La Commission interaméricaine des droits de l'homme (CIDH), dans le cadre de sa salle de coordination et de réponse rapide et intégrée à la crise liée à la pandémie de COVID-19 (SACROI COVID-19), appelle les États à incorporer la perspective de genre dans les réponses à la crise et dans la lutte contre les violences sexuelles et intra-familiales, ainsi que la discrimination qui affecte les femmes dans ce contexte. En particulier, la Commission souligne la nécessité d'adapter les mesures politiques et législatives pour répondre à la crise aux besoins des femmes et des filles, compte tenu des multiples facteurs structurels qui perpétuent la discrimination à l'égard des femmes et des filles et augmentent leur situation de risque en le contexte actuel.

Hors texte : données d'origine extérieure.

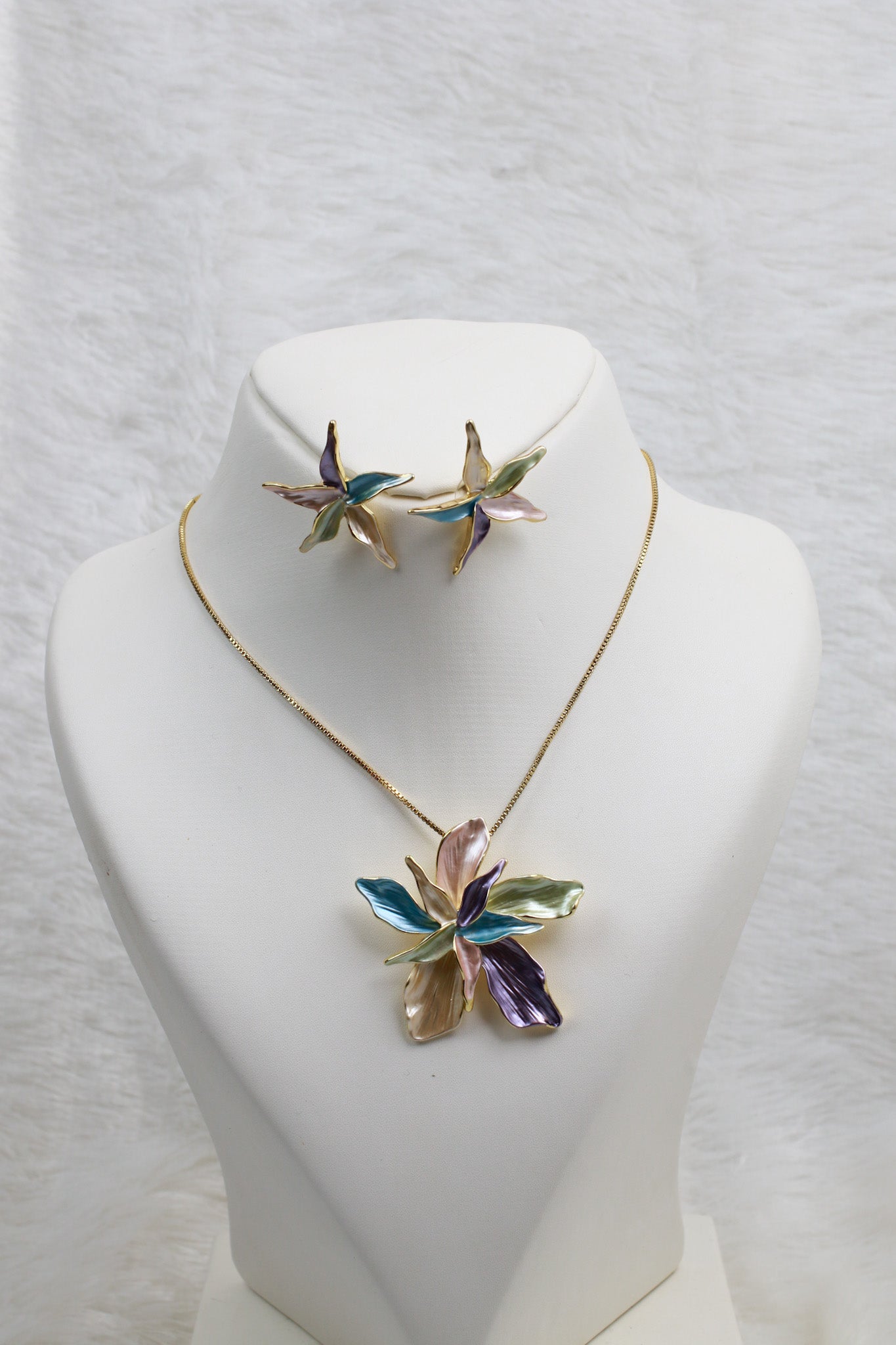 Pastel Star Flower Pendant Set - Multicolor Enamel Luxury Set with Anti Tarnish Coating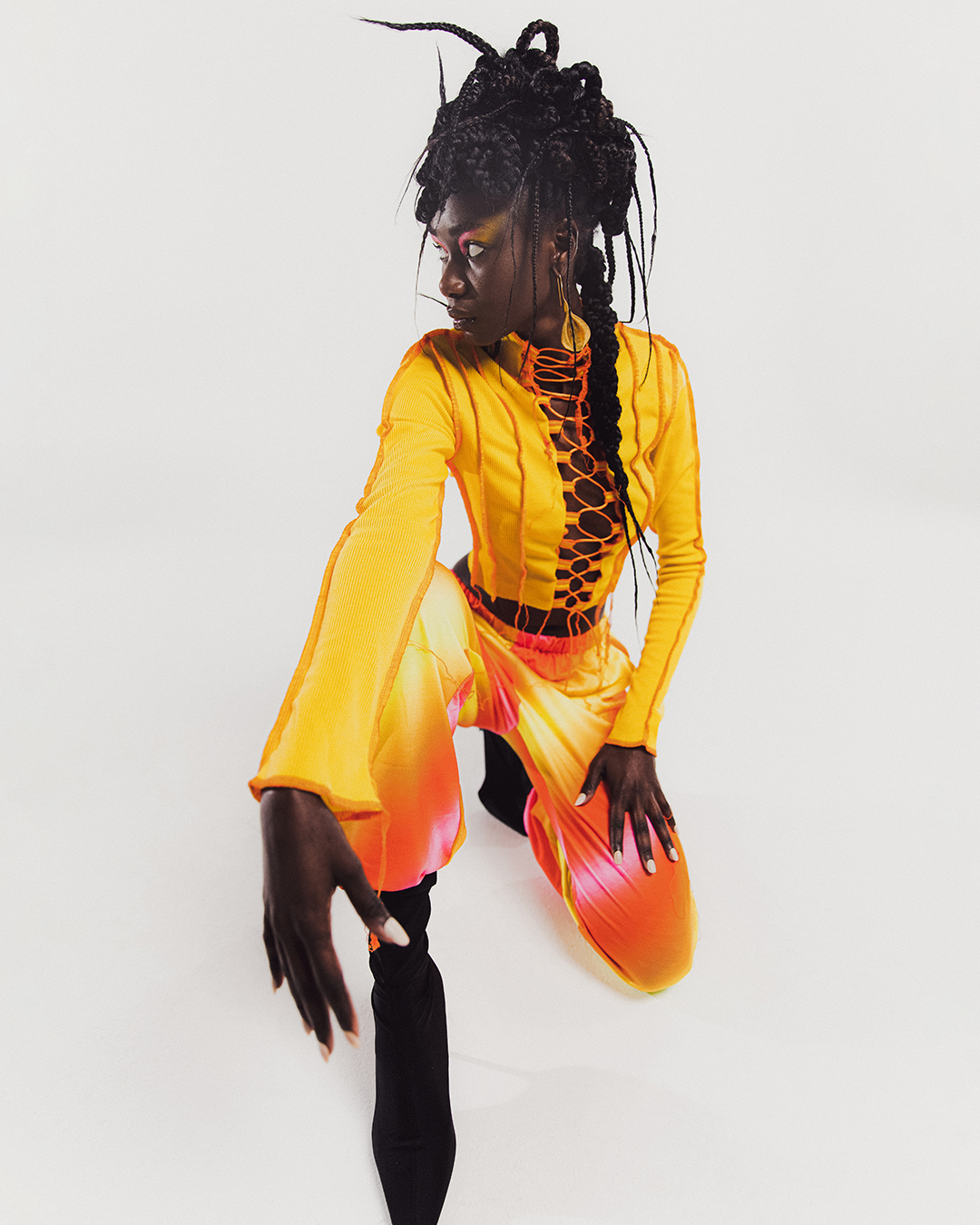 TEMPORALITY — Look 4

La CIDH exprime sa profonde inquiétude face aux chiffres qui ont montré l'augmentation des signalements de violences domestiques après la mise en place des mesures d'isolement et de distanciation sociale adoptées par les autorités pour contenir la contagion du COVID-19 dans les pays de la région. . À cet égard, la Commission a appris, grâce à son suivi permanent, l’augmentation significative de ces chiffres dans des pays comme le Brésil et les États-Unis, qui se répète dans d’autres pays de la région. Au Brésil, le Ministère de la femme, de la famille et des droits de l'homme a enregistré une augmentation de 17% des plaintes pour violences sexistes après des mesures visant à contenir l'épidémie. De même, aux États-Unis, les équipes de sécurité du pays ont signalé une augmentation du nombre d'appels pour signaler des violences domestiques. La police de Portland, Oregon, par exemple, a publié des données qui expliquent l'augmentation de 27% par rapport aux mois précédents.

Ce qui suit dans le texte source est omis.